We are trying to visit a few colleges over the next few months without missing too many school days. My idea is to visit a large university and a LAC on each trip. (We have both types on our list). Hoping someone has done something similar or has tips for us.
Minnesota: Macalester and UMinn-Twin cities. They are close by. Would doing tours of both in one day be too hectic? Thinking of visiting in Dec or Jan - kiddo would need to understand what a MN winter really entails.
Wisconsin: UWisconsin-Madison and Lawrence. These are about 2 hours away by car. Would start in Madison then drive to Lawrence and tour there, spend the night, and return to the closest / cheapest airport Madison/Green Bay the next day. Is that reasonable?
Boston: Boston U, Northeastern, Clark. Would it be possible/reasonable to do all three in 2 days?
We did several two schools/one day tours. If they are close enough and you can work the schedules out, it isn’t bad. We did Duke/UNC, William and Mary/RIchmond, Wake Forest/Elon.

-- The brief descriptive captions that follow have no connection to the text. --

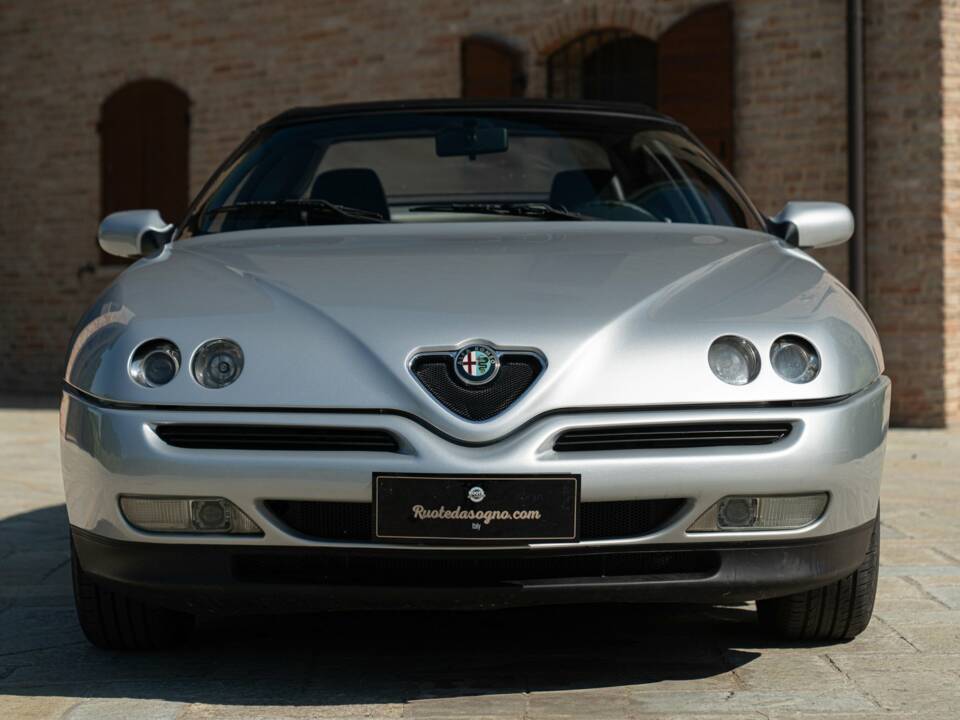 Bild 3/50 von Alfa Romeo Spider 2.0 Twin Spark 16V (1996)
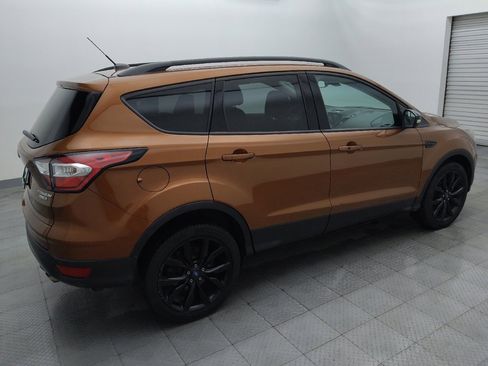 Used 2017 Ford Escape Titanium AWD/4WD image 10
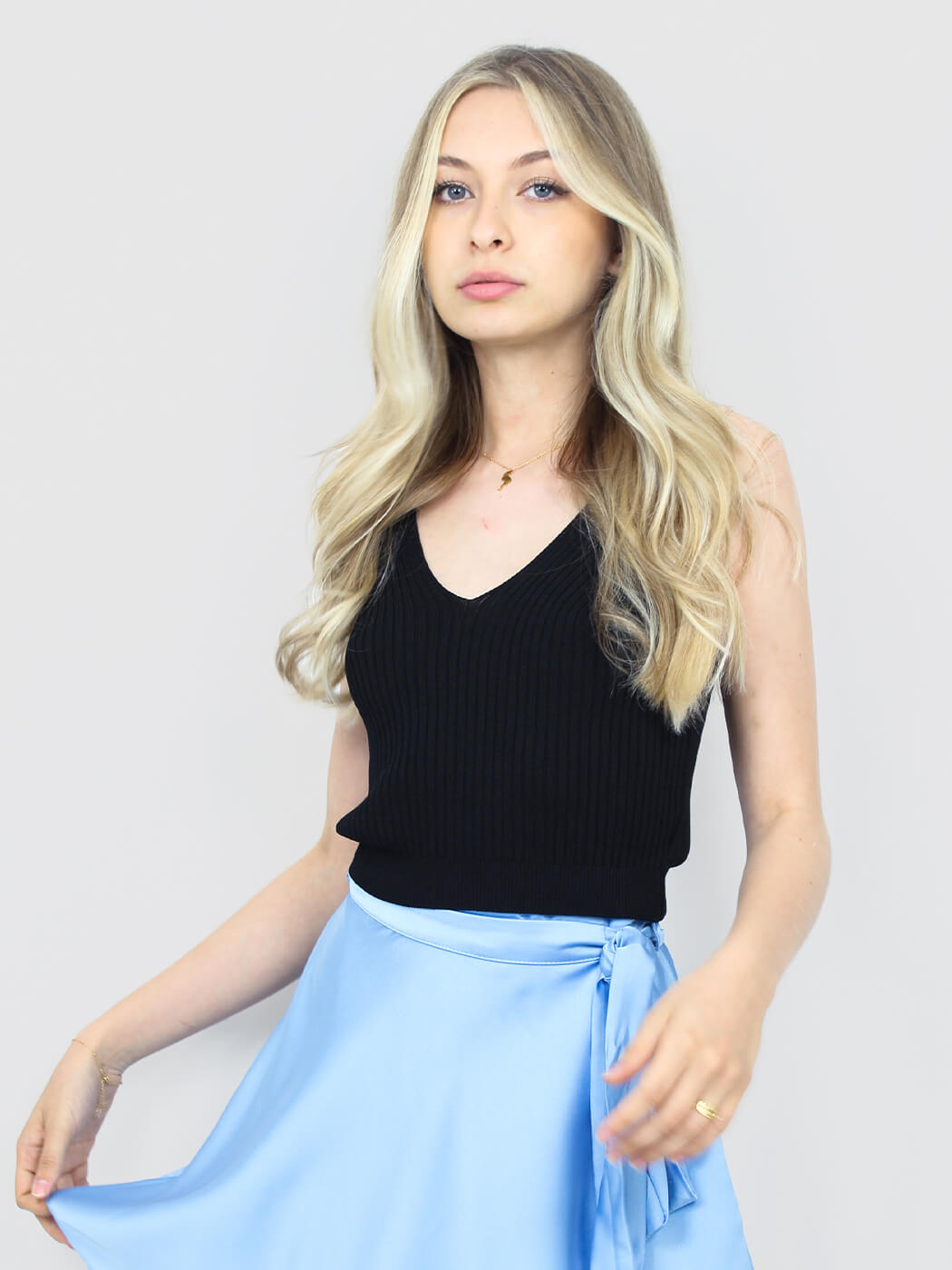 Top donna smanicato nero in maglina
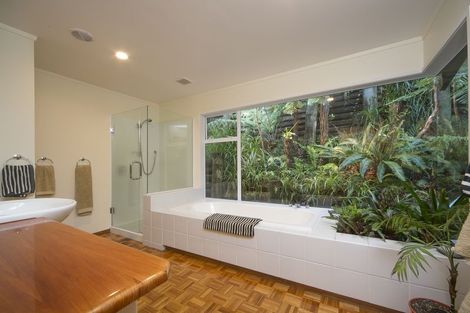 Photo of property in 491 Scenic Drive, Waiatarua, Auckland, 0612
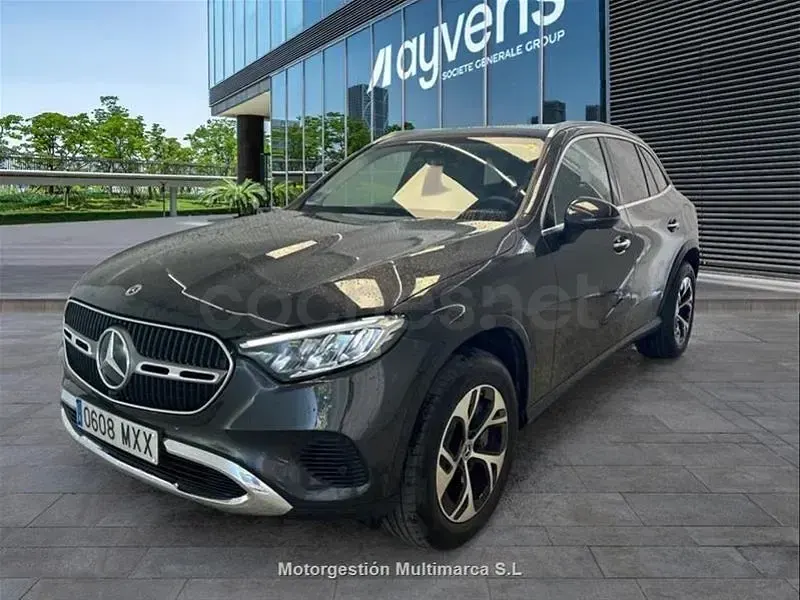 Usado Mercedes GLC300e 333 CV (244 kW) 2025 Gris / plata SUV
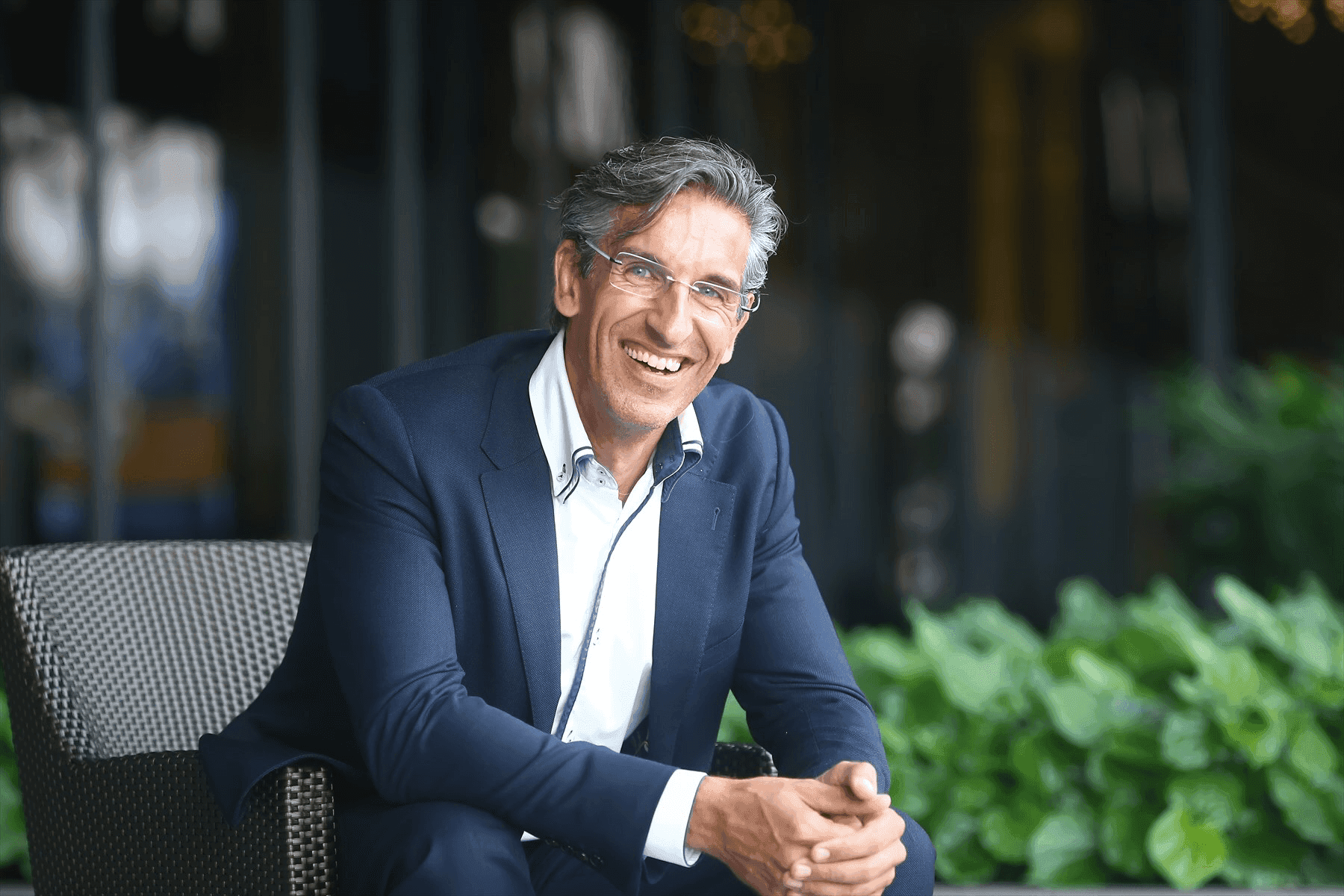 Black-and-white portrait of Ton Dobbe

BU, Northeastern and Clark-- yes, doable over two days. You can even add Holy Cross to the mix- and still doable over two days.
I’ll let others weigh in on the other geographies! But you need to plan out your transportation. Perhaps stay in a hotel in the Boston suburbs, take public transportation to Northeastern, then BU; retrieve your car and drive to Worcester… do Clark the next morning. If you drive into Boston you’ll spend an hour looking for parking, an hour getting lost trying to find the on-ramp to the Turnpike heading West… adds time and stress…
I think it’s fine. My advice would be to schedule the info session after the tour at the morning visit (where you have spent the night). They adhere pretty tightly to a schedule and if you needed to slip out, it’s far less complicated than abandoning a tour in the middle. With that said, you can almost certainly do a tour and info session at both in a single day without stressing yourself out.
We did several schools as part of a 2/day trip where distances allowed and we didn’t feel rushed or confused.
There’s actually a fairly decent airport in Appleton, WI if that makes any difference.
Pretty sure we got a decent flight from Appleton to LA back when we toured Lawrence.
Yes, we did this a lot. Once you start looking at time slots, you can basically see a lot of colleges have set it up so you can do a morning or afternoon visit with plenty of time in between for a modest drive and even some lunch. Obviously map it all out in advance, try to avoid situations where if there is some unexpected delay it will have you sweating, and so on. But usually it is pretty easy to figure out what is very likely to work.
yes, with good planning, you can easily do two in one day - you might want to start with breakfast in the town, so you see the town and not just the school.
Be sure to take notes and label any pictures/videos you may take. Campus tours tend to become a blur. A few years ago, a parent posted here on CC that she really like Boston University because it had a defined campus and was across the street from the Museum of Fine Arts. She was remembering Northeastern.
It really depends on how in depth you want to go. The visit days we’ve been on have been pretty big productions that go from 8:30ish to about 3pm. If we just wanted tours it would be easy to do 2 in a day, but D25 visited a class, had lunch, and a couple of different question/answer sessions.
Two in a day is doable if you are only doing tour plus info session. For some schools, that is enough. But for schools that my kid was more interested in, they wanted to meet a few students, maybe sit in a class, etc. For 2 schools, we actually spent 2 days each at them.
Two in a day is doable if you are at the first college site for the first tour of the morning. I would suggest you plan to do this (it sounds like you are doing so).
I will say…both of our kids seemed to like the college done second in a day less than the first one. But maybe that was just coincidence.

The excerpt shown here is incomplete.